Differential Operators Solved Problems
Example.1. If f and g are two scaler point functions, prove that
- div ( f∇g) =f ∇2g+∇f .∇g
- div (f ∇g) =div (g∇f)=f ∇2-g ∇2f
Solution:
⇒ \(\nabla g=\mathbf{i} \frac{\partial g}{\partial x}+\mathbf{j} \frac{\partial g}{\partial y}+\mathbf{k} \frac{\partial g}{\partial z}\)

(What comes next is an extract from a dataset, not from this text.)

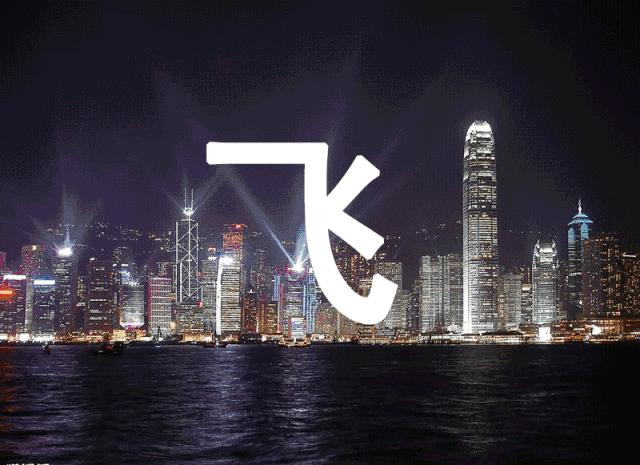 香港BEP金融实训项目丨金融核心课程学习,掌握资金融通的奥秘!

f \(\nabla g=\mathbf{i} f \frac{\partial g}{\partial x}+\mathbf{j} f \frac{\partial g}{\partial y}+\mathbf{k} f \frac{\partial g}{\partial z}\)
∴ \(\nabla:(f \nabla g)=\frac{\partial}{\partial x}\left(f \frac{\partial g}{\partial x}\right)+\frac{\partial}{\partial y}\left(f \frac{\partial g}{\partial y}\right)+\frac{\partial}{\partial z}\left(f \frac{\partial g}{\partial z}\right)\)
= \(f\left(\frac{\partial^2 g}{\partial x^2}+\frac{\partial^2 g}{\partial y^2}+\frac{\partial^2 g}{\partial z^2}\right)+\frac{\partial f}{\partial x} \frac{\partial g}{\partial x}+\frac{\partial f}{\partial y} \frac{\partial g}{\partial y}+\frac{\partial f}{\partial z} \frac{\partial g}{\partial z}\)
= \(f \nabla^2 g+\left(\mathbf{i} \frac{\partial f}{\partial x}+\mathbf{j} \frac{\partial f}{\partial y}+\mathbf{k} \frac{\partial f}{\partial z}\right) \cdot\left(\mathbf{i} \frac{\partial g}{\partial x}+\mathbf{j} \frac{\partial g}{\partial y}+\mathbf{k} \frac{\partial g}{\partial z}\right)\)
∴ \(\text{div}(f \nabla g)=f \nabla^2 g+\nabla f . \nabla g\)
Another Method: Let ∇g =A. By Theorem 1
⇒ \(\nabla \cdot(f \mathbf{A})=(\nabla f) \cdot \mathbf{A}+f(\nabla \cdot \mathbf{A})\)
= \((\nabla f) \cdot(\nabla g)+f[\nabla \cdot(\nabla g)\)
= \((\nabla f) \cdot(\nabla g)+f\left(\nabla^2 g\right)\)
We have proved that \(\text{div}(f \nabla g)=f \nabla^2 g+\nabla f . \nabla g\)…..(1)
Interchanging f and \(g \text{div}(g \nabla f)=g \nabla^2 f+\nabla g. \nabla f\)….(2)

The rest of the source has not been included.